3D-QSAR STUDY OF BENZOTHIAZOLE DERIVATIVES AS p56lck INHIBITORS

3D-QSAR STUDY OF BENZOTHIAZOLE DERIVATIVES AS p56^lck INHIBITORS

Jaheer Mohmed ¹, Shruti Nalikala ² and Shravan Kumar Gunda ^*3

Department of Chemistry ¹, Osmania University, Hyderabad, Telangana State, India

Department of Genetics and Biotechnology ², Bhavan's Vivekananda College of Science, Humanities and Commerce, Sainikpuri, Secunderabad.

Division of Bioinformatics ³, Osmania University, Hyderabad, Telangana State, India.

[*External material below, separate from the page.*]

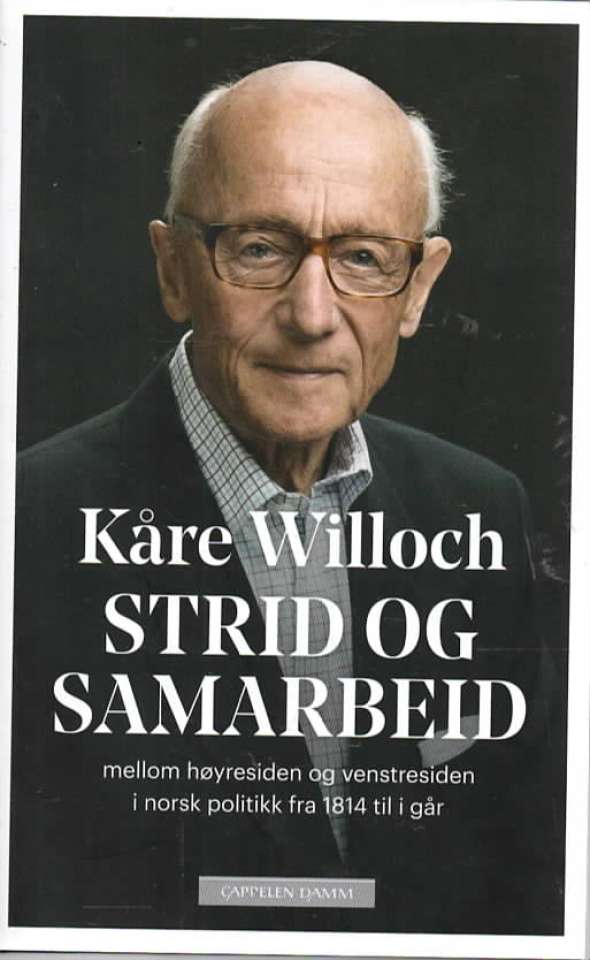 Strid og samarbeid mellom høyresiden og venstresiden i norsk politikk fra 1814 til i går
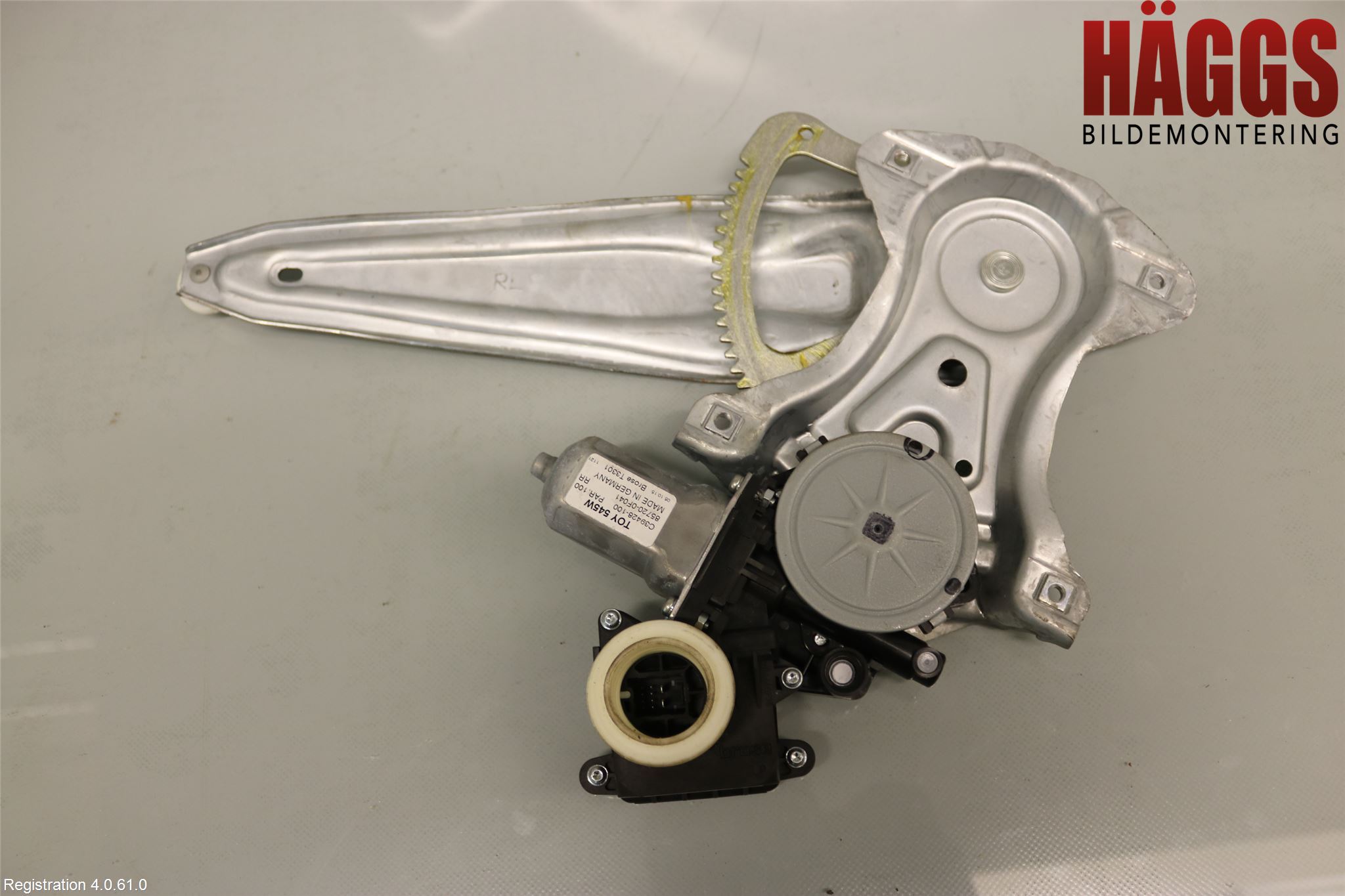 Toyota VERSO 09-18 Fönsterhiss El Kompl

ABSTRACT: 3D-QSAR models of Comparative of Molecular Field Analysis (CoMFA) and Comparative of Molecular Similarity Indices Analysis (CoMSIA) of 44 potent p56^lck inhibitors were performed. The conventional ligand-based 3D-QSAR studies were performed for a series of Benzothiazole derivatives as p56^lck inhibitors. The model gave q² values of 0.710 and 0.642, r² values of 0.966 and 0.956 for CoMFA and CoMSIA, respectively. The predictive ability of the models was validated using the external test set of 10 compounds that were not included in the training set of 34 molecules. These results provided better understanding of the relationship between the structural features of p56^lck inhibitors and its activities, which should be applicable to design and find new potential p56^lck inhibitors

Benzothiazole, p56^lck, 3D-QSAR, CoMFA, CoMSIA, Autodock

INTRODUCTION: Heterocyclic compounds and their derivatives have attracted attention due to their different biological and pharmacological properties. ¹ The heterocycles are the flexible compounds existing in almost all natural products and synthetic organic compounds. ² Benzothiazoles are constituents of number of bioactive heterocyclic compounds, having wider range of applications. Benzothiazole compounds has special significance in wide range of chemical applications as well as in clinical applications, because of its anti-mycobacterial properties. ³ Among the heterocycles the benzothiazoles occupy a prominent position. Benzothiazoles usually associated with one or the other biological activity.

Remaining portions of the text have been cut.